Mideast Peace, Step by Step

Anyone who seriously hopes for a quick return to Israeli-Palestinian negotiations should take a deep breath and lie down until the feeling passes. What's needed at the moment is something completely different, a whole new kind of approach that puts the Oslo process in the past and focuses instead on cautious but credible unilateral steps.

To their credit, both Israeli Prime Minister Ariel Sharon and Palestinian President Mahmoud Abbas seemed to understand that at their recent meeting in Sharm el Sheik, Egypt. Their agenda reflected the triumph of the achievable over the desirable, of the probable over the possible. Their unspoken motto: Think small.

I worked on the Arab-Israeli peace process at the State Department for most of the last two decades, and I am gratified by the fact that Oslo's most important legacy -- the mutual recognition between political Zionism and Palestinian nationalism -- endures to this day. But that's just about all that remains.

The Oslo process was in many respects a religion for believers, blinding its adherents to its flaws. In retrospect it is clear that Oslo over-idealized and sentimentalized an excruciatingly difficult process and created an expectations gap that could not be closed by negotiations alone. The process elevated negotiation to an almost sacred level of importance. Then, when those negotiations failed between 1993 and 2000 to create a real partnership or a change in the situation on the ground, the parties -- under U.S. auspices -- rushed into last-minute talks for a final deal that they were neither willing nor able to consummate.

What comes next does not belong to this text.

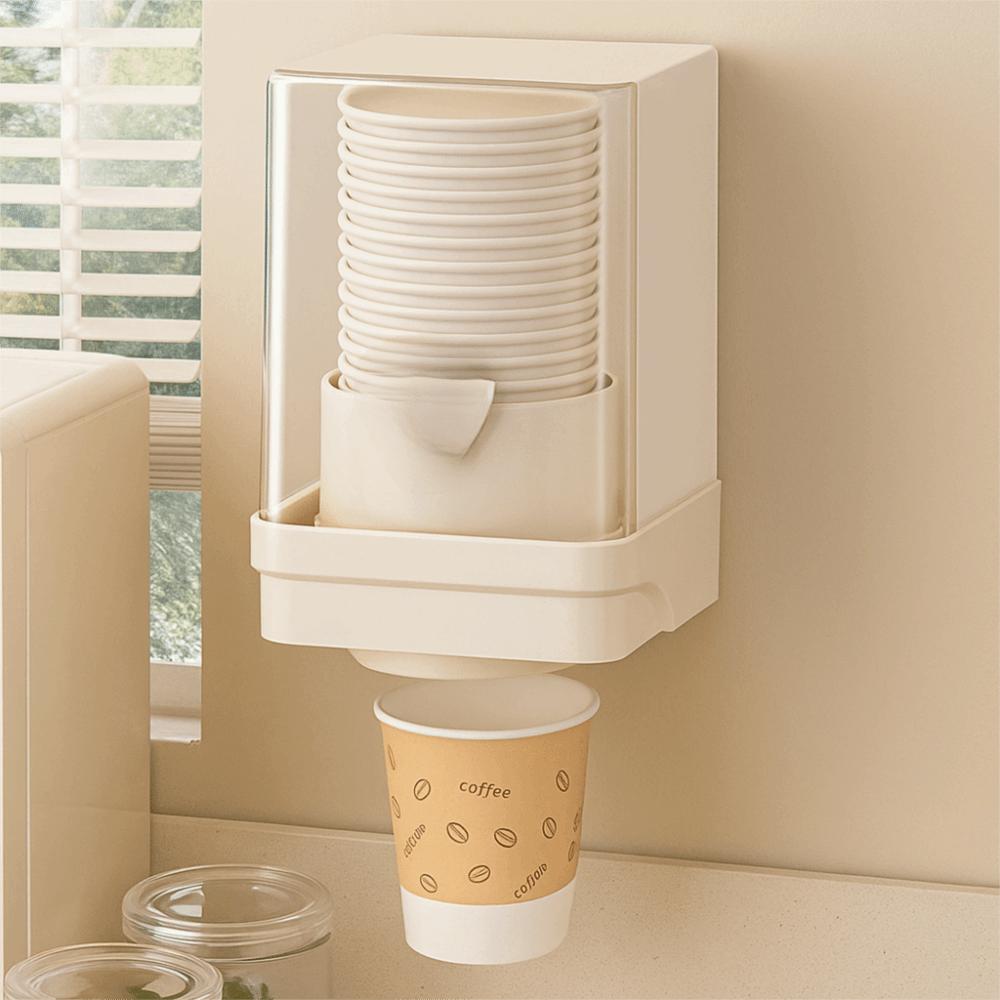 Wall-mounted Disposable Cup Storage Rack Countertop Space Saving Paper Cup Dispenser No-drill Installation Plastic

The process launched at Sharm el Sheik last week, on the other hand, was a business proposition for pragmatists. Driven by four years of bloody conflict and disappointment, it is nurtured by a deep but healthy skepticism about what is possible and what is not. Indeed, unlike Oslo, the expectations gap now separating Israelis and Palestinians about what each side can do is narrower than ever. Neither side is focused on the endgame; even more encouraging, Sharon and Abbas appear to appreciate each other's political constraints. This kind of partnership is of inestimable value; it may constrain each side from pushing too far too soon.

For Abbas, the focus is on prisoner releases and the Israeli commitment to stop killing leaders of Hamas and the Al Aqsa Martyrs Brigade; this is critical to building his legitimacy with Palestinians and to his efforts to co-opt the armed opposition.